Created on 2013-10-02 17:03 by gvanrossum, last changed 2022-04-11 14:57 by admin. This issue is now closed.

Files
File name Uploaded Description Edit
TB.patch gvanrossum, 2013-10-02 18:41 review
Messages (13)
msg198852 - (view) Author: Guido van Rossum (gvanrossum) * (Python committer) Date: 2013-10-02 17:03
The traceback module is driving me nuts.  It has some handy helpers to extract info about a traceback or a full stack without formatting them, but (a) these are _internal, and (b) they don't return the frame object as part of the information, so code that wants to do additional stuff (e.g. print the values of local variables) cannot use them. (I guess in a sense the two problems cancel each other out. :-)

Here's a proposed fix.  (I know it is lacking tests.)

It adds extract_tb_ex() and extract_stack_ex() functions that return a list of 5-tuples filename, line number, function name, text, frame).

I'm also reworking the lowest-level internal function, _extract_tb_or_stack_iter(), to take an iterator instead of a starting point and a function to get the info and the next starting point.  The old design feels unpythonic to me -- the task at hand so clearly feels like it should wrap an iterator!
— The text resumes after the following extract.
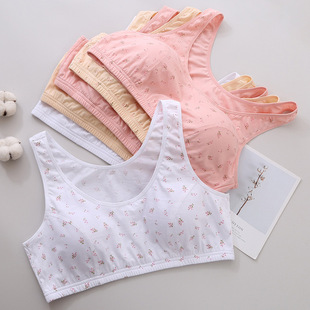 Zhangyan Pure Cotton Middle-aged and Elderly No Steel Ring Pullover Vest with Chest Pad Beautiful Back Pastoral Style Mother Underwear Wide Back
Finally, I'm adding some important info to a few docstrings: when the limit clips the number of frames, you get the *oldest* frames from a traceback, but the *newest* frames from a stack. That makes sense when you think about it, but I still think it's worth mentioning.

Feedback?
msg198857 - (view) Author: Serhiy Storchaka (serhiy.storchaka) * (Python committer) Date: 2013-10-02 18:35
You forgot a patch.
msg198859 - (view) Author: Guido van Rossum (gvanrossum) * (Python committer) Date: 2013-10-02 18:41
Sigh. Here it is.
msg198868 - (view) Author: STINNER Victor (vstinner) * (Python committer) Date: 2013-10-02 20:18
> It adds extract_tb_ex() and extract_stack_ex() functions ...

I don't like "_ex" suffixes, it's not future proof if we need to add another function later.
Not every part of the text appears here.